Whether it was a result of the weather or simply business as usual in Memorial Gym, the place was overrun by Kentucky fans. Loud “Go Big Blue!” chants greeted the Cats before tipoff. What could have been a rowdy home atmosphere for a Vandy team enjoying one of its best seasons in years was something else entirely. A neutral-site crowd, at best, for the Commodores.
But the official record would’ve shown a major road victory for the Cats if they could’ve pulled this one out, a line on an NCAA Tournament résumé that would have been impossible to overlook.
Instead, it turned into one more double-digit deficit in the first half. In 14 games against high-major competition so far, Pope’s team has led just twice at halftime. “It’s obviously an area of concern for us,” he said. “... We got punched in the mouth pretty good, and we just didn’t respond at all in this game.”
Unlike poor starts of the past — UK has rebounded from plenty of those this season — this one just kept sputtering out of the Cats’ control. Instead of a comeback, the second half was filled with slumped shoulders and defeated expressions.
This was the 209th meeting in a series that dates back to 1912, and Vandy’s lopsided victory marked only the third time the Commodores have defeated Kentucky by more than 20 points.
It was just the 15th time in the past 75 years that a UK basketball team has been beaten by 25 points or more by anyone. It was the third time in less than a year that one of Pope’s teams had to suffer through that indignity.
There was the 99-70 loss to Alabama in the SEC Tournament last season. And there was the 94-59 loss to Gonzaga last month. Both of those games were played in Nashville, too.
And up next is John Calipari and the Arkansas Razorbacks, the highest-ranked team in the SEC and a group that beat this same Vanderbilt squad by 25 points just last week. That game happens Saturday in Fayetteville, and there won’t be much blue that gets into Bud Walton.
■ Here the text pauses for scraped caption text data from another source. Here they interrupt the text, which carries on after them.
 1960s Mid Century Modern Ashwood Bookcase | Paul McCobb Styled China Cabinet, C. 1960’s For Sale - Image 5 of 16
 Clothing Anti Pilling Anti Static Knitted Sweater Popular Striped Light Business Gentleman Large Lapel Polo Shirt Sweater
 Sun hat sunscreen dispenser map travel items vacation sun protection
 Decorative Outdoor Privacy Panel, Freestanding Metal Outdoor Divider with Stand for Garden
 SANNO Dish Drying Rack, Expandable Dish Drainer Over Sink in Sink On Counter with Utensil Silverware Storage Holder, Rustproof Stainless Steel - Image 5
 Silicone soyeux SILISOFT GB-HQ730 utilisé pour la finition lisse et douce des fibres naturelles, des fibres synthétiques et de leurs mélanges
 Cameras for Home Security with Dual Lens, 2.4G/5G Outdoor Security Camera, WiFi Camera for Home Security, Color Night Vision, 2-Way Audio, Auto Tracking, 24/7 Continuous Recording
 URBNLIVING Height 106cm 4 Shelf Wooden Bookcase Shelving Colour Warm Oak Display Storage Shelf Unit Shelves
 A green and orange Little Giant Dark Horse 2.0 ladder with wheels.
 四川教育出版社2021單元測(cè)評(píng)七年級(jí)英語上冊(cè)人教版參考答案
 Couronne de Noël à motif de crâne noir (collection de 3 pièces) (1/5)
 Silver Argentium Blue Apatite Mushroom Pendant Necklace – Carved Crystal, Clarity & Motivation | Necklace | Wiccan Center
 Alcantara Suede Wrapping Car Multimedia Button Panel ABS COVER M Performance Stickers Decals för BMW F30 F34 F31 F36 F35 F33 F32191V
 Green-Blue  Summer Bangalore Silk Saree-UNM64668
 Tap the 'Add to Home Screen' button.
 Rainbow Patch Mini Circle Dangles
“This was a disastrous effort from our team in both halves tonight. And it is exactly what it is,” Pope said. “And so we have to pick up the pieces and be better. We’ve done that before. We’ve been here before. We ran off five straight in the SEC. We had the longest winning streak in the league coming into this game, after having some tough, tough games before.
“So we know we can do it. We got to find some way to avoid this disastrous (showing) tonight. But the only thing we can do now is move forward and get better.”